Après avoir été le symbole de la contestation au sein du pays, elle a cherché à jouer ce rôle auprès de la communauté internationale, intervenant auprès de différentes institutions telles que le Parlement européen le 25 août, le Conseil de sécurité de l’ONU le 4 septembre et l’Assemblée parlementaire du Conseil de l’Europe le 8 septembre. C’est son alliée Maria Kolesnikova qui, jusqu’à la rocambolesque tentative d’expulsion vers l’Ukraine dont elle a fait l’objet avant d’être arrêtée le 9 septembre, a largement relayé l’activité de Tikhanovskaïa dans le pays. Kolesnikova a par ailleurs annoncé, fin août, la création prochaine d’un nouveau parti politique devant donner une nouvelle impulsion à l’institutionnalisation du mouvement contestataire.

C’est toutefois le caractère multiforme et largement spontané de ce mouvement de contestation qui demeure son meilleur atout à l’intérieur du pays compte tenu de l’impossibilité de son institutionnalisation et de sa structuration dans des conditions de répression ciblée.

La pugnacité de Loukachenko

Quant à Alexandre Loukachenko, il a été dépassé par les événements dans la semaine qui a suivi sa réélection contestée.

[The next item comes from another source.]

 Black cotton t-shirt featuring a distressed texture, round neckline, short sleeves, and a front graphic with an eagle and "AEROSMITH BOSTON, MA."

Il semble avoir largement sous-estimé l’effondrement de sa popularité, et comptait essentiellement sur l’efficacité de l’ancienne recette : une rapide et violente répression des manifestants au soir et au lendemain de l’élection pour faire taire les mécontents. Une coupure totale d’Internet en l’absence de journalistes étrangers devait permettre de mener cette répression en toute discrétion pendant que les chaînes de télévision nationales diffusaient des messages de félicitations au président « facilement réélu » et saluaient les abondantes récoltes des paisibles campagnes biélorusses.

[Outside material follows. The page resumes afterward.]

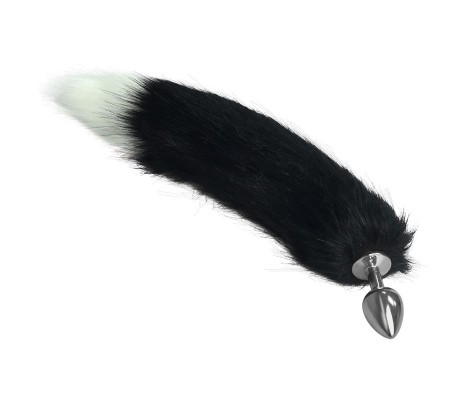 Plug Anal de Metal con Cola Blanco y Negro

L’ampleur de la contestation et la large diffusion sur les réseaux sociaux d’images choquantes des violences policières ont mis ce plan à mal. La première apparition publique du président, la semaine suivante, a été un véritable fiasco : il s’est fait huer devant les caméras par les ouvriers d’une grande usine de Minsk. Déstabilisé, il a réagi avec un discours incohérent qui mêlait promesses de départ suivant un référendum constitutionnel et affirmations qu’il ne cèderait jamais le pouvoir.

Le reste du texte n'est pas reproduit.